I'm confused. What's the difference between 'morning coffee' and 'coffee morning'?
bb
2015-05-22 08:43:36 UTC
If I want to put it as one of the facilities audiences will get by attending a seminar, which term should I use? 'Morning coffee' or 'Coffee morning'?
Thanks.
Four answers:
?
2015-05-22 09:03:14 UTC
A ''Coffee Morning'' is an event when people specifically come to drink coffee and eat cakes
''Morning Coffee'' just means coffee you drink in the morning.

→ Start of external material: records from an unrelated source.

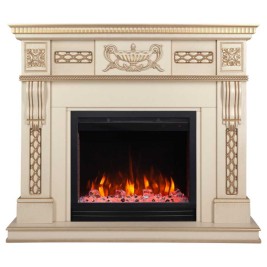 Электрокамин RealFlame Corsica Lux 25,5/26 WT с очагом Saphir 25,5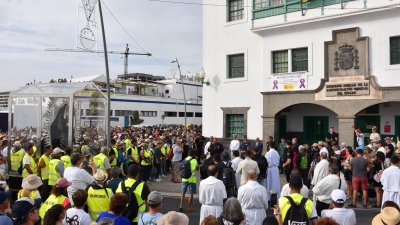 Llegada de la Virgen de Los Dolores a Arrecife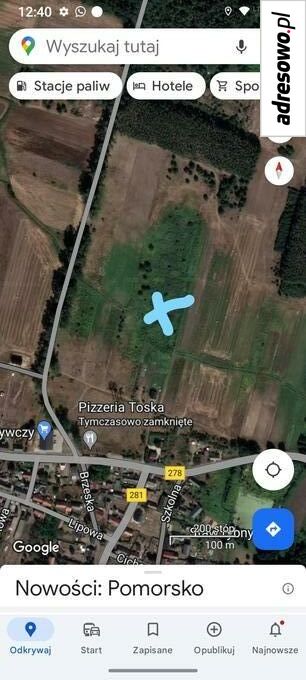 Działka budowlana Pomorsko. Zdjęcie 1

If you are just serving coffee at a seminar then I'd use ''COFFEE PROVIDED''
?
2015-05-22 13:08:25 UTC
Morning coffee is having coffee in the morning, usually for a mid-morning break. A coffee morning is a specific morning event where people come just to socialise, chat, drink coffee and eat cakes and biscuits. Sometimes people have them as a charity fund-raiser. It wouldn't be part of anything else. Rather the same thing as a lady at my former church used to do - "Come to Tea!" at her house in the afternoon, there's tea and coffee and cakes, there's information available about a church charity and we give money to support it.
For your purpose, just call it "coffee" and say when it will be available. Then nobody can possibly be confused. I've been to plenty of seminars and conferences, and it will just be "coffee" on the timetable if it is served at a specific time, or "coffee on arrival" if it's going to be there for people to have a cup before the seminar starts.
Or as I'm British, it always turns out to be "coffee or tea"!
Tavy
2015-05-22 08:55:51 UTC
Morning coffee. A coffee morning is where people turn up for an event. and have coffee and cakes.
Not used for a Seminar.
2015-05-22 08:50:32 UTC
nothing.. it's just coffee freaks going on narcissistically.